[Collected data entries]
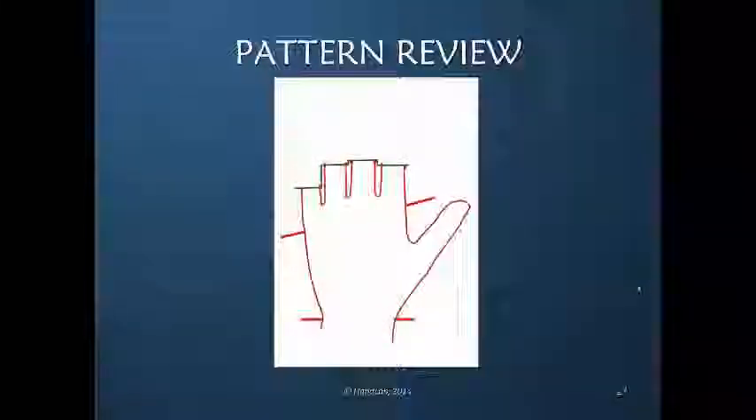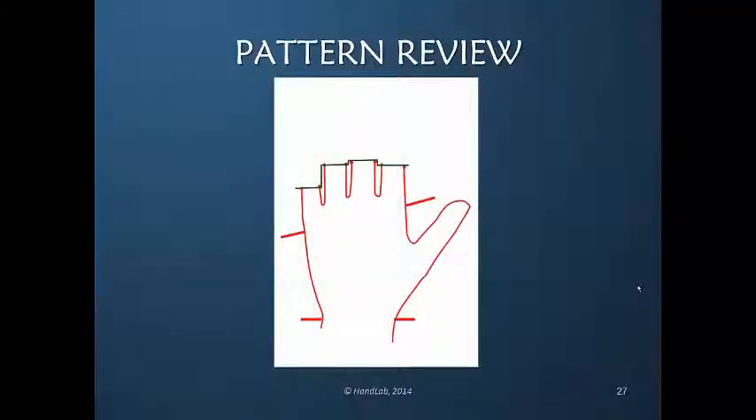Draw across each PIP joint axis and interconnect those with what I'm calling stair steps. And instead of doing a stair step, we do a gentle curve that approximates the length of each PIP joint.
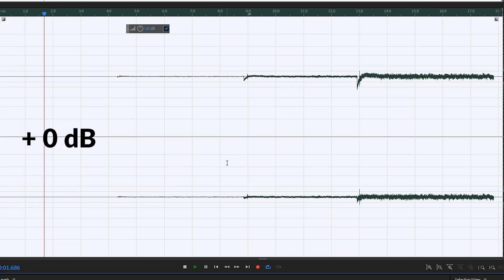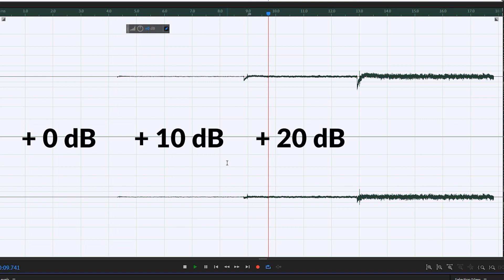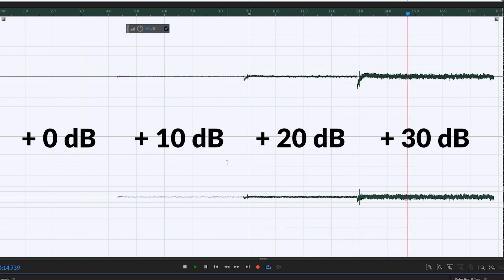This is zero gain settings. So how's the noise level for this BM800 mic? Let me know in the comment section down below — I want to hear it from you. Now let's do a pop filter test with the pop filter that's included with this BM800 mic.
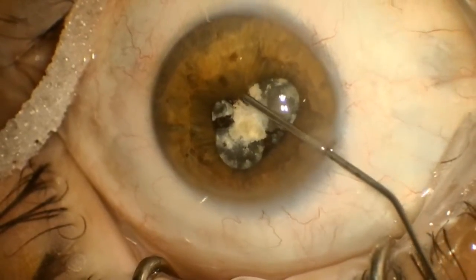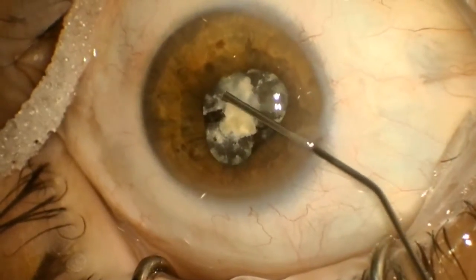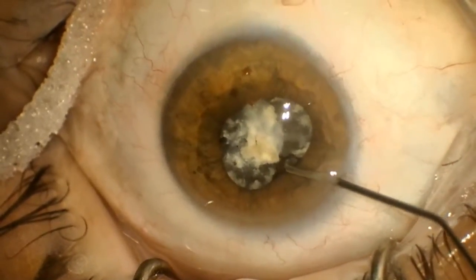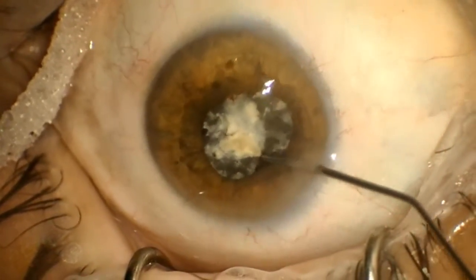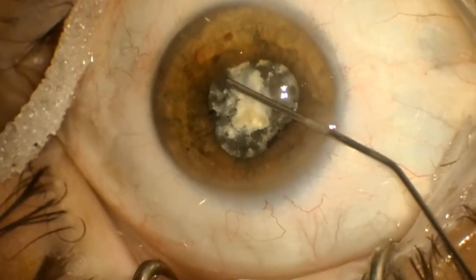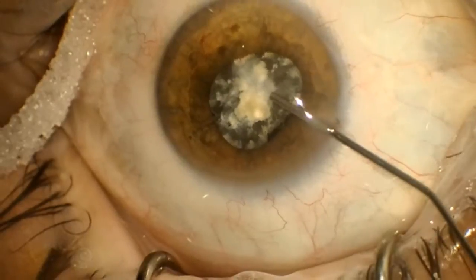As you can see, we have posterior synechiae attached to the anterior lens surface. You may also be able to appreciate that there is some zonular instability, as the iris and the lens are moving somewhat independently with these minimal manipulations.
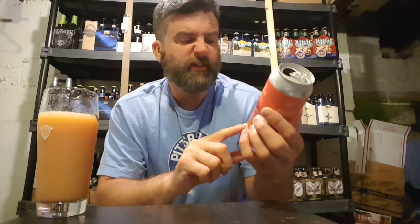Hey guys, welcome back for another review. Up for review, we have Urban Artifacts Firearm, one of the variants. This one is Pack and Heat, 7.7% Midwest Fruit Tart.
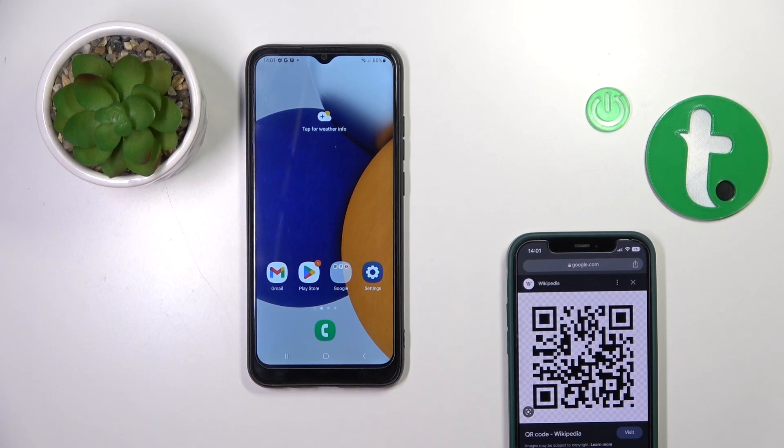Hi, this is the Samsung Galaxy A3 and I'll show you how to scan QR codes with your device.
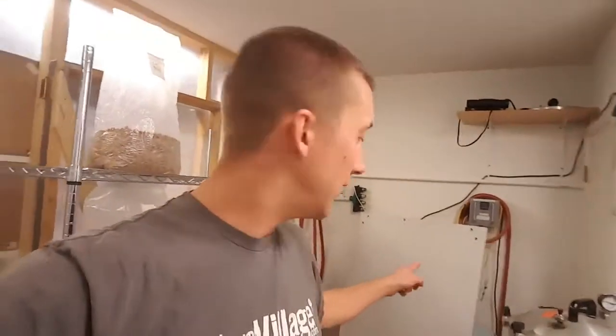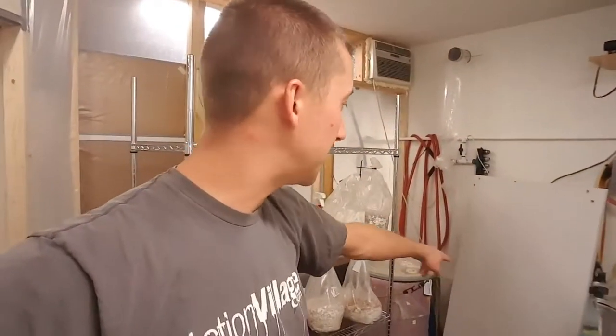Both of my HEPA filters have pre-filters on them — that's very important, especially if you're in a grow like me where I'm not in a super clean sterile room. I'm not scrubbing in and scrubbing out, and I also have air exchanging in here. Whenever I have the sterilizers and steamers running it would just be a sauna in here if I didn't vent it out.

### WHAT THE TASK REQUIRES
Copy word for word the span of the records above that begins at the line with "This is zero" and ends at the line with "Hey guys, welcome", including those two lines but not the pictures.

### TASK SOLUTION
This is zero gain settings. So how's the noise level for this BM800 mic? Let me know in the comment section down below — I want to hear it from you. Now let's do a pop filter test with the pop filter that's included with this BM800 mic.
As you can see, we have posterior synechiae attached to the anterior lens surface. You may also be able to appreciate that there is some zonular instability, as the iris and the lens are moving somewhat independently with these minimal manipulations.
Hey guys, welcome back for another review. Up for review, we have Urban Artifacts Firearm, one of the variants. This one is Pack and Heat, 7.7% Midwest Fruit Tart.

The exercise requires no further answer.